By the end of the '80s, Shiraga became less concerned with series of works based on particular themes. Once this concern with thematic subjects waned, his work took on greater diversity and richness, as he struggled against the shackles of physical media by subjective and psychological means. Shiraga's output in 1992 was relatively small, mostly works whose palettes are dominated by a single colour (Fig. 5). Hokei, however, is an exception. Aside from the city's cultural significance, as mentioned earlier, Baoji also boasts an important historical site: located beyond its southern outskirts is the Sanguan pass, one of the four major mountain passes in China. Its rugged topography and the narrowness of the pass itself gave it the ancient name of "the Sichuan/Shaanxi throat," and the pass had great military and strategic significance (Figs. 6 & 7). During the Three Kingdoms period, an army under the command of Cao Cao crossed the pass in the western expedition against Zhang Lu. As Chen Shou wrote in Three Kingdoms, 'In the spring, in the Sixth Year of Jianxing, Zhuge Liang once again passed through the Sanguan Pass, laying siege to Chencang, but was repelled by Cao Zhen....'
Given Shiraga's love and understanding of Chinese culture, and in particular for the Records of the Three Kingdoms, he found natural inspiration in the city of Baoji and its deep historical roots. In Hokei he allows his pigments to spread freely along the paths of his body movements. Thick, heavy streaks of crimson, sun yellow, and snowy white work in complement in the lower middle of the canvas, then spread toward each of its four sides. The deliberate unevenness of the mix of colours evokes the struggles and standoffs between the major powers, and they are inseparably tangled by virtue of the fluid, plastic, and extensible qualities of the oils. Yet they are equally matched, each refusing to yield to the others. The three colours, against the tension of the black background, ignite in a dramatic and incredible display of power. The inky black background evokes the page in history when, at the end of the Eastern Han, power came to be equally divided among the Wei, Shu, and Wu rulers; its rich and colourful history is captured in the turbidity, the arcing lines and flying pigments, and the sense of speed and action in this painting. From the united energies of his mind and body, Shiraga imparts to his canvas all he knows of the heroic deeds of the era, its historical figures and popular legends, and the literature and folk art surrounding those events.

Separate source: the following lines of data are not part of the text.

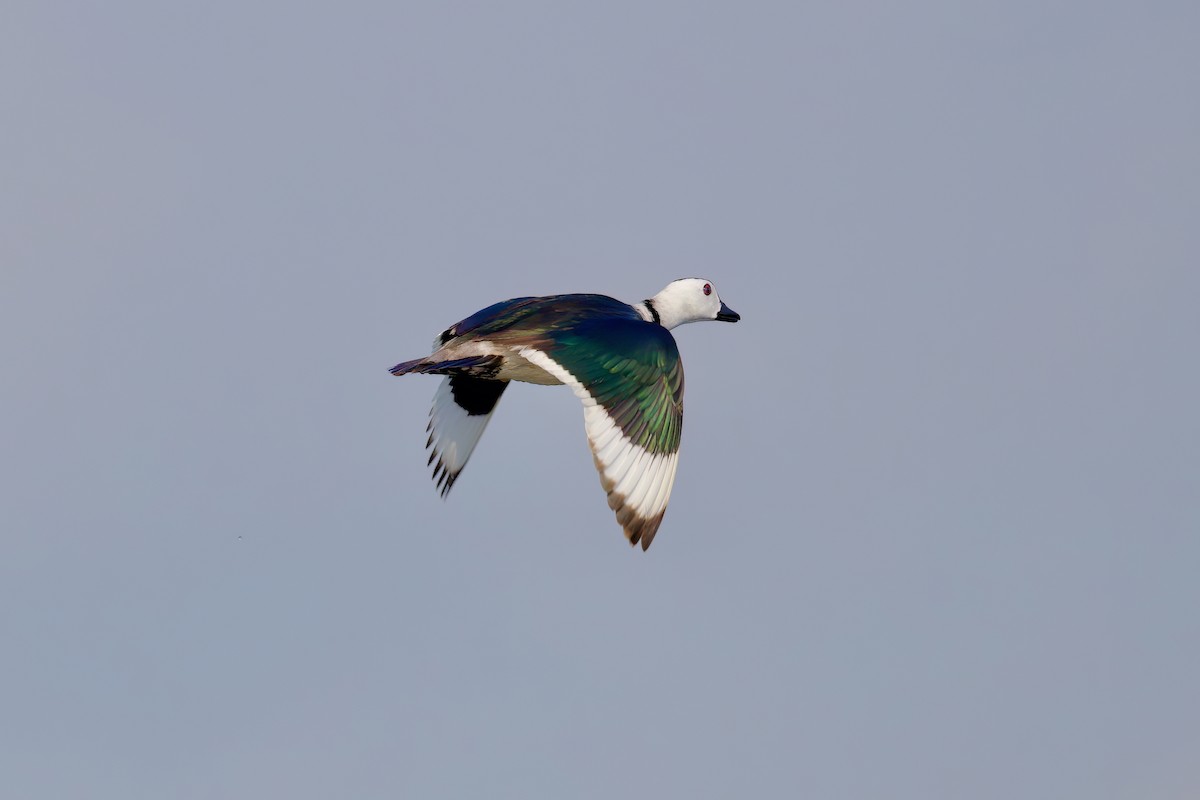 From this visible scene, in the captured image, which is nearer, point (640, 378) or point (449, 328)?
point (640, 378)

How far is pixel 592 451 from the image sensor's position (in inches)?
754

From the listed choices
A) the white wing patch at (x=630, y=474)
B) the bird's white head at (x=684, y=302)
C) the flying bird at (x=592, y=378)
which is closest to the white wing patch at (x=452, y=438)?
the flying bird at (x=592, y=378)

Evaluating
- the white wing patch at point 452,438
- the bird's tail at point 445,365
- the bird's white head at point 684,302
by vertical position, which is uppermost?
the bird's white head at point 684,302

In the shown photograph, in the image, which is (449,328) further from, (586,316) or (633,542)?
(633,542)

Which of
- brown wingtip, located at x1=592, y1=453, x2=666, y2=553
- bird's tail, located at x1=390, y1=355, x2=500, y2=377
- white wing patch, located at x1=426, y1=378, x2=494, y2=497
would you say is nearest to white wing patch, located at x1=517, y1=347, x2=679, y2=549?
brown wingtip, located at x1=592, y1=453, x2=666, y2=553

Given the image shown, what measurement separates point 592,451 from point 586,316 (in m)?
3.48

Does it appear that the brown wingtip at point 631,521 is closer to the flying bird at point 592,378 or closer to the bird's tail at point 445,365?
the flying bird at point 592,378

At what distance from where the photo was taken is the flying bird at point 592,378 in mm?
19188

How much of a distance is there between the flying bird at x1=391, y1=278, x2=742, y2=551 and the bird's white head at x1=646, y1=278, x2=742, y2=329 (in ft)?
0.34

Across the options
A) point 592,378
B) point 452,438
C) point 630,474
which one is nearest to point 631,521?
point 630,474

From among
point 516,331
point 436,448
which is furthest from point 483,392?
point 516,331

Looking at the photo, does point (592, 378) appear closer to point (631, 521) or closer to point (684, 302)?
point (631, 521)

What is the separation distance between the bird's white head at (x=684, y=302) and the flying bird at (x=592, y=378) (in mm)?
103

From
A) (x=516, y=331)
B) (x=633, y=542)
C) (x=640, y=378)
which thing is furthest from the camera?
(x=516, y=331) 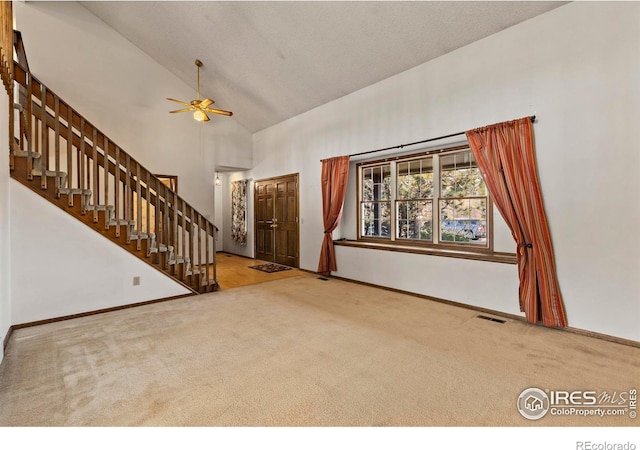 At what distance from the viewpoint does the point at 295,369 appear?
2438mm

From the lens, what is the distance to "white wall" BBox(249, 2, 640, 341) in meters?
2.89

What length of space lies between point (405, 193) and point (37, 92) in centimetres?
509

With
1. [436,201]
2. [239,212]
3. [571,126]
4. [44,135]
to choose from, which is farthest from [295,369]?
[239,212]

The artistic value of Shiraga's Hokei can be found, in one respect, in its subjectivity, in the artist's process of transforming his subjective perception of history into art. Added to that is Shiraga's foot painting technique, unique to this artist and developed by him, coupled with well-grounded compositional ideas. As he works, subjugating his mind and body to conscious cooperation, Shiraga displays a mature control over pictorial elements, guided by complex, rational control over its execution. But all told, what this work most represents is simply one of the finest expressions of Kazuo Shiraga's genius, his eye for beauty, and his superb intuition.